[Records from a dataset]
☆ ☆ ☆ ☆ ☆

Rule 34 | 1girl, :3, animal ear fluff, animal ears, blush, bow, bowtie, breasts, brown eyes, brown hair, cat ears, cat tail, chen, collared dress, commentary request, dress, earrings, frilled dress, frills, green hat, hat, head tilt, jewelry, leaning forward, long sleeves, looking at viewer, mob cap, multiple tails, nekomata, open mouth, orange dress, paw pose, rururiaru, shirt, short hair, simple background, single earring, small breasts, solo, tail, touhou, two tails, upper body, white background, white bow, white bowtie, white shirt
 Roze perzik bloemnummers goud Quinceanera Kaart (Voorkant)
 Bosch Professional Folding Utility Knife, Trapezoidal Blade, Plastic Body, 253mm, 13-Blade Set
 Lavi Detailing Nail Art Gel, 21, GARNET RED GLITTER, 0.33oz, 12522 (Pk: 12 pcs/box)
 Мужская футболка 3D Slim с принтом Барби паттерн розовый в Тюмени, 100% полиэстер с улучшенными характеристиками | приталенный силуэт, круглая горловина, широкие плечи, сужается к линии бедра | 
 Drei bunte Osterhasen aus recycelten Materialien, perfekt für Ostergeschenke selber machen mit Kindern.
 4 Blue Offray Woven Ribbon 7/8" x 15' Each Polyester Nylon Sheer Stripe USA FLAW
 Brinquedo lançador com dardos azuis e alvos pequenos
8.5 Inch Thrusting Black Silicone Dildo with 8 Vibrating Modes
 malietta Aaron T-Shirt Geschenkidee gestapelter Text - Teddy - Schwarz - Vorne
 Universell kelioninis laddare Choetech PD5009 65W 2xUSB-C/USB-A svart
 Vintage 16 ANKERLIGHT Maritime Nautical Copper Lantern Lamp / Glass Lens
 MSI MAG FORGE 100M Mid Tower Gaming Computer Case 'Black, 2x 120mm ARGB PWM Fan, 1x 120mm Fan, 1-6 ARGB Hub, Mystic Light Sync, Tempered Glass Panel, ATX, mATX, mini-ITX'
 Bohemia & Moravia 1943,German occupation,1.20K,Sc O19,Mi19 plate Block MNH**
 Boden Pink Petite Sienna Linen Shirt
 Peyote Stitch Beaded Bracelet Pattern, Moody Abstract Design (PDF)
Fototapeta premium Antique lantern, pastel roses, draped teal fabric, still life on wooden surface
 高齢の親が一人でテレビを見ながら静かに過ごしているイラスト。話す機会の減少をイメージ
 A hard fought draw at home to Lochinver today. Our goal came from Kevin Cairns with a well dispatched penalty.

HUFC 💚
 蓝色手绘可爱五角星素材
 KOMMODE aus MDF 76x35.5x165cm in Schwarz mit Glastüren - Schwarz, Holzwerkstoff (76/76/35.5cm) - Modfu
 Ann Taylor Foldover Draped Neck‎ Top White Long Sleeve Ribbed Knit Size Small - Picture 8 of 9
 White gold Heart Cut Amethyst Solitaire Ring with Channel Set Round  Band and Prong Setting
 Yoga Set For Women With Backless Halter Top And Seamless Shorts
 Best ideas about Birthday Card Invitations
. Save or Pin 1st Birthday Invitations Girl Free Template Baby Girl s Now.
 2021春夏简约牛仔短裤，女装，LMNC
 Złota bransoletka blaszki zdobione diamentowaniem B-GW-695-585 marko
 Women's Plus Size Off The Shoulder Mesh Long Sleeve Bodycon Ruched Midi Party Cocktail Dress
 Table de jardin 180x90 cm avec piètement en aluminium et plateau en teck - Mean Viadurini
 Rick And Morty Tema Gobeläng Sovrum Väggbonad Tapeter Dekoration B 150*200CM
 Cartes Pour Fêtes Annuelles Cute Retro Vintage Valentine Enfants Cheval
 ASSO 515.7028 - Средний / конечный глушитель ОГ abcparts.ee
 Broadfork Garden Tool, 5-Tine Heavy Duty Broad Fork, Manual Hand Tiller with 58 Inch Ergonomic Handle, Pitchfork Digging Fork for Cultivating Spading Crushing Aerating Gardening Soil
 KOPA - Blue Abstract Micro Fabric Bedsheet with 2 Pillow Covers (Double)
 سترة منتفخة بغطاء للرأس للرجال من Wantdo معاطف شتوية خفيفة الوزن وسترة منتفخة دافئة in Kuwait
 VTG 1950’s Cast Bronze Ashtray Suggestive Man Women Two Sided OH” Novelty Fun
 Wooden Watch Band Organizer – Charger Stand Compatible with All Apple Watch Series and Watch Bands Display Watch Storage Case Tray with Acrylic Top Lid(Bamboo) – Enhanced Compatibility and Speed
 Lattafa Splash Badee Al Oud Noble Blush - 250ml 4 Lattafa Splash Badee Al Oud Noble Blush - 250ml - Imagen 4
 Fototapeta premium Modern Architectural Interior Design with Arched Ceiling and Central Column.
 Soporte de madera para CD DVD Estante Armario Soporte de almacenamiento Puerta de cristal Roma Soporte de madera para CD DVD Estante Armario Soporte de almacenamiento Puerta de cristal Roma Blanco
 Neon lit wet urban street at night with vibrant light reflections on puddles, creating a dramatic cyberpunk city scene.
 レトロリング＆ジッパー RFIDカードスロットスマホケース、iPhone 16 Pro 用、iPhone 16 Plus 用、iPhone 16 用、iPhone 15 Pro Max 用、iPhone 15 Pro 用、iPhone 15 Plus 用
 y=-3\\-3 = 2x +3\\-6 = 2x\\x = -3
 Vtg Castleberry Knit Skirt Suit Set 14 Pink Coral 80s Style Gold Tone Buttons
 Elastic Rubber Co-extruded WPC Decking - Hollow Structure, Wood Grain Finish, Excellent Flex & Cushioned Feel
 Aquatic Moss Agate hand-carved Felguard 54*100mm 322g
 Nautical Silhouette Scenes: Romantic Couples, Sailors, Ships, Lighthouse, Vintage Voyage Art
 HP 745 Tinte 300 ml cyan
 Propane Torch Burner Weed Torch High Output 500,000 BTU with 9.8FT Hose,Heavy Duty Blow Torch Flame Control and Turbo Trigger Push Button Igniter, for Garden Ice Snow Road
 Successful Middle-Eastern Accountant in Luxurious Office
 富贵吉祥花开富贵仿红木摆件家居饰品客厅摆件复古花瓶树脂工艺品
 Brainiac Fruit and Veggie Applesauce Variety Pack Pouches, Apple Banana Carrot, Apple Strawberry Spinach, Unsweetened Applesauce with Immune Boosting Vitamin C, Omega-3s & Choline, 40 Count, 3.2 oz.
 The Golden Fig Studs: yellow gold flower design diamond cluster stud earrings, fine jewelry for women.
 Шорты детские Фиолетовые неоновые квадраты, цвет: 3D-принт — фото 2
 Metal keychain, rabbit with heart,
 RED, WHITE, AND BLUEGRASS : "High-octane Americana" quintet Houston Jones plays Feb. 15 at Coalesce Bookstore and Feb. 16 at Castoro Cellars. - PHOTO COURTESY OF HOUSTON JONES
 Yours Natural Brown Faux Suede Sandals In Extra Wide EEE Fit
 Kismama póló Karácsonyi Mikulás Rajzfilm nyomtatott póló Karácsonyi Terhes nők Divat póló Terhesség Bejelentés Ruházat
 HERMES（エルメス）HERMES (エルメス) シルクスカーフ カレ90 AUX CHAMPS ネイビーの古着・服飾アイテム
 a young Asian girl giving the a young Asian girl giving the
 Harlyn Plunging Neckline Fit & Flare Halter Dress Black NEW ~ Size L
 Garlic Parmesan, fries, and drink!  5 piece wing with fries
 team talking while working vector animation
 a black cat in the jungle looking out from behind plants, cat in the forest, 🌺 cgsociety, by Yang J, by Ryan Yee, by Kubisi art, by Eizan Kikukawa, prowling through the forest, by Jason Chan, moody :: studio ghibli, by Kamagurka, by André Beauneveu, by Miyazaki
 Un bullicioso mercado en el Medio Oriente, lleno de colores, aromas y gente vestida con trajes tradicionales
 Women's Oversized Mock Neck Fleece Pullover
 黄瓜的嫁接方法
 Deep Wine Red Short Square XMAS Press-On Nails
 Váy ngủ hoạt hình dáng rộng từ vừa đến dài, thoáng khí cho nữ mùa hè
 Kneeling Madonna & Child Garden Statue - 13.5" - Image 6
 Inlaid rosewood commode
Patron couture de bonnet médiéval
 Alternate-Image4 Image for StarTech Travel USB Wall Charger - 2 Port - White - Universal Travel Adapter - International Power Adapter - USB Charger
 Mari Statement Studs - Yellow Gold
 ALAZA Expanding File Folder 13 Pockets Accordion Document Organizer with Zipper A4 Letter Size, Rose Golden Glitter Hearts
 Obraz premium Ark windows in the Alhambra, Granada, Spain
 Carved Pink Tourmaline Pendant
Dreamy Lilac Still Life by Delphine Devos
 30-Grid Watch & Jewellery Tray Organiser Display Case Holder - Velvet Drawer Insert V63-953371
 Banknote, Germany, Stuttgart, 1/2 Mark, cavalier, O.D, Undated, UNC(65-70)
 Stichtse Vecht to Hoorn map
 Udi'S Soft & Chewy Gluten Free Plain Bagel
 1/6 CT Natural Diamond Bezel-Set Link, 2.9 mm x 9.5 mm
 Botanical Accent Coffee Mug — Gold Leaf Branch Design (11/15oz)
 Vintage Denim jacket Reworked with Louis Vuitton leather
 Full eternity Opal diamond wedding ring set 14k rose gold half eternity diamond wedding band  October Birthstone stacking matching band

☆ ☆ ☆ ☆ ☆

What you are asked to do >> Your answer should be exactly the lines of the data above, from the first through the line containing "Мужская футболка 3D".

Written solution >>
Rule 34 | 1girl, :3, animal ear fluff, animal ears, blush, bow, bowtie, breasts, brown eyes, brown hair, cat ears, cat tail, chen, collared dress, commentary request, dress, earrings, frilled dress, frills, green hat, hat, head tilt, jewelry, leaning forward, long sleeves, looking at viewer, mob cap, multiple tails, nekomata, open mouth, orange dress, paw pose, rururiaru, shirt, short hair, simple background, single earring, small breasts, solo, tail, touhou, two tails, upper body, white background, white bow, white bowtie, white shirt
 Roze perzik bloemnummers goud Quinceanera Kaart (Voorkant)
 Bosch Professional Folding Utility Knife, Trapezoidal Blade, Plastic Body, 253mm, 13-Blade Set
 Lavi Detailing Nail Art Gel, 21, GARNET RED GLITTER, 0.33oz, 12522 (Pk: 12 pcs/box)
 Мужская футболка 3D Slim с принтом Барби паттерн розовый в Тюмени, 100% полиэстер с улучшенными характеристиками | приталенный силуэт, круглая горловина, широкие плечи, сужается к линии бедра | 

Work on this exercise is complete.